> [WHAT YOU WILL DO]
Below are entries; copy exactly the lines from the one with "24286 E County" through the one with "VIP, SUPERIOR, QUEEN BED, OCEAN VIEW", both included, and leave out the rest.

> [EXERCISE MATERIALS]
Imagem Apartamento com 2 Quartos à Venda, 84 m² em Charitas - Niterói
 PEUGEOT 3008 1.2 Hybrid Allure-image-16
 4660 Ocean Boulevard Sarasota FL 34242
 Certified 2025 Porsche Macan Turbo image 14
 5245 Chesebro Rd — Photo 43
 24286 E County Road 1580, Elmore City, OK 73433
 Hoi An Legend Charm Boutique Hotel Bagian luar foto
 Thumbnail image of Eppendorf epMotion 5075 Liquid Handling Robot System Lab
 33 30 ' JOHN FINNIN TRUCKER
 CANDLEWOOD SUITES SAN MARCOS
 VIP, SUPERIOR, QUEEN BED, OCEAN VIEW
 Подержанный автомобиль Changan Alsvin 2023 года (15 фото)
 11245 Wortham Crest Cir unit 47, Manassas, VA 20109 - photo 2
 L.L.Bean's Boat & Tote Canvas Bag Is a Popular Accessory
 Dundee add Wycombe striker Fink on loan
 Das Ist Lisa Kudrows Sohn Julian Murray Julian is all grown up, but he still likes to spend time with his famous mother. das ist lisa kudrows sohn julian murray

> [WRITTEN SOLUTION]
 24286 E County Road 1580, Elmore City, OK 73433
 Hoi An Legend Charm Boutique Hotel Bagian luar foto
 Thumbnail image of Eppendorf epMotion 5075 Liquid Handling Robot System Lab
 33 30 ' JOHN FINNIN TRUCKER
 CANDLEWOOD SUITES SAN MARCOS
 VIP, SUPERIOR, QUEEN BED, OCEAN VIEW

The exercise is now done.